Be gentle to yourself. Kita adalah insan yang bertumbuh. Maafkan dirimu yang lalu, ayo berlatih jadi pribadi yang lebih welas asih.

Seni Memaafkan Diri Sendiri
Header diajeng Memaafkan Diri Sendiri. tirto.id/Quita

tirto.id - Perayaan Idulfitri mustahil dipisahkan dari tradisi silahturahim dan saling memaafkan, baik itu dengan keluarga atau orang-orang di sekitar kita.

Di tengah kesibukan berkunjung ke rumah sanak saudara atau berkirim pesan untuk mengucapkan selamat hari Lebaran, pernahkah terlintas di benakmu: kesalahan orang lain saja kamu maafkan, bagaimana dengan kesalahan atau penyesalan pada dirimu sendiri?

Atau jangan-jangan pertanyaan itu juga malah baru bikin kamu tersadar?

Realitanya, memaafkan diri sendiri sering luput dari perhatian cukup banyak orang.

"Proses melihat ke dalam diri sendiri sering terlupakan, orang-orang malah cenderung sibuk melihat ke luar (orang lain)," kata Rina Eko Widarsih, M.Psi., Psikolog dari RSJ Grhasia, Yogyakarta.

Tak kepikiran untuk memaafkan diri sendiri bukannya tanpa sebab. Rina membeberkan, hal itu terjadi karena memaafkan diri sendiri bukanlah sebuah proses mudah yang bisa dilalui oleh setiap orang.

Bagaimana tidak sulit? Proses memaafkan diri sendiri melibatkan upaya untuk mengalahkan ego karena melibatkan pengakuan atas kesalahan termasuk pengakuan bahwa kamu juga perlu berubah.

Proses ini berpotensi lebih menantang karena bisa jadi seseorang belum siap. Akibatnya, ketidaksiapan itu justru semakin menimbulkan perasaan bersalah, penyesalan, atau lebih buruk lagi: membenci diri sendiri.

"Lalu dalam prosesnya pun, seseorang perlu untuk hening dan diam untuk bisa memaafkan diri sendiri, yang itu lebih susah dibandingkan memaafkan atau meminta maaf pada orang lain," papar Rina.

Tantangan lain dalam memaafkan diri sendiri adalah tidak semua orang mampu mengenali emosi mereka.

Hal tersebut sering dialami seseorang karena semasa kecil, orang tua atau lingkungan terdekat kurang memberikan latihan untuk mengenali emosi.
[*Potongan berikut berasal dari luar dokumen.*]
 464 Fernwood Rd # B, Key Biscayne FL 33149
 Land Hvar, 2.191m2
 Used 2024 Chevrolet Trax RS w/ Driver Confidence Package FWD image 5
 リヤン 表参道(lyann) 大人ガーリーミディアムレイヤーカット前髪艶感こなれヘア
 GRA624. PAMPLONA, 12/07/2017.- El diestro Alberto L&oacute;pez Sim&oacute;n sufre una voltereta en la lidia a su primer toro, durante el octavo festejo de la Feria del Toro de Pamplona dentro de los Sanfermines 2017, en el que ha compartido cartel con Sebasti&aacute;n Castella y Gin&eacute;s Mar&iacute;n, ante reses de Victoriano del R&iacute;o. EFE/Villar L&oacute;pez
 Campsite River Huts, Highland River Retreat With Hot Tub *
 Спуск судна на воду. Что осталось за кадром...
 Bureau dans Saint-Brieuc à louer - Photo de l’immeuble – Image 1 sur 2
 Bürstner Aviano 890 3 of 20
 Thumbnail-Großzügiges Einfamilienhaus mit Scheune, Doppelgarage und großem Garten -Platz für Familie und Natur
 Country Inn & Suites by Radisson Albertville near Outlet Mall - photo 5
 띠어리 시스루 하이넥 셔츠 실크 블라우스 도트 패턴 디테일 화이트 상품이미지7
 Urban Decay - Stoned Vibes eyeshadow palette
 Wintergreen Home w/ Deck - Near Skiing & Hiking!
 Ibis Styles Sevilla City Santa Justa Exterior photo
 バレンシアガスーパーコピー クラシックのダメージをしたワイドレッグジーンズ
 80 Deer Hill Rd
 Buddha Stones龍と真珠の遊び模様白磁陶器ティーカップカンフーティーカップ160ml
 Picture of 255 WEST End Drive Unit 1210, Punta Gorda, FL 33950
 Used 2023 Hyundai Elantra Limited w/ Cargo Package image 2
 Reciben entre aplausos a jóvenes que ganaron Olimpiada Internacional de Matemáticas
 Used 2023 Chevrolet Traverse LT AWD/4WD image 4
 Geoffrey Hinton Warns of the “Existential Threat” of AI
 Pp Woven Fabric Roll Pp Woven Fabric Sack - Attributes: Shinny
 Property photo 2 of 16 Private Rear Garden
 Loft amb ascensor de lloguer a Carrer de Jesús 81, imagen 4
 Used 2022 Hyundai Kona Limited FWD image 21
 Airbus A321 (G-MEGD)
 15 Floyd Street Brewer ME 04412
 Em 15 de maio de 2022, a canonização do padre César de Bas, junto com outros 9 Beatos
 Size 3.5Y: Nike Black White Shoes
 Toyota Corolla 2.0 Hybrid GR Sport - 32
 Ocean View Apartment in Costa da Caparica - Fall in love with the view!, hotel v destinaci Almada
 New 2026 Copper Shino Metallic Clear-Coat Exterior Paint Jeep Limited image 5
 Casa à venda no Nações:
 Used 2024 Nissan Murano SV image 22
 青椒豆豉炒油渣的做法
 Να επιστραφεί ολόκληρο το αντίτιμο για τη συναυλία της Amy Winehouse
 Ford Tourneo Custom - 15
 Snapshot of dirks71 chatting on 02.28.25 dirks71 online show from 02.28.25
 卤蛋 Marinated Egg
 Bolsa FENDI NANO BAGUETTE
Oleh karena itu, semua emosi terbiasa hanya dipendam.

Padahal, mengenali emosi sendiri itu sendiri menurut Rina dapat menjadi pintu masuk yang akan mempermudah proses memaafkan diri sendiri.

Sebagaimana pernah disampaikan dalam hasil riset di Emotion Review (2018), mengidentifikasi dan memberi label pada emosi dapat membantu mengurangi dan mengatur emosi dengan lebih baik, termasuk emosi yang terkait dengan perasaan bersalah dan malu.

"Untuk memaafkan diri sendiri perlu jujur dengan diri sendiri dan menyadari emosi, apakah itu bahagia, sakit hati, sedih, dan lain sebagainya," ungkap Rina.

Rina meneruskan, "Makin spesifik emosi yang disadari itu makin bagus karena makin mendekatkan dengan proses memaafkan diri sendiri."

Diajeng Memaafkan Diri Sendiri

Ilustrasi Wanita duduk di bawah pohon. FOTO/iStockphoto

Kalaupun kamu masih kesulitan mendefinisikan emosi yang sedang dirasakan dengan kata-kata, yang paling penting adalah kamu menyadari perasaan tersebut.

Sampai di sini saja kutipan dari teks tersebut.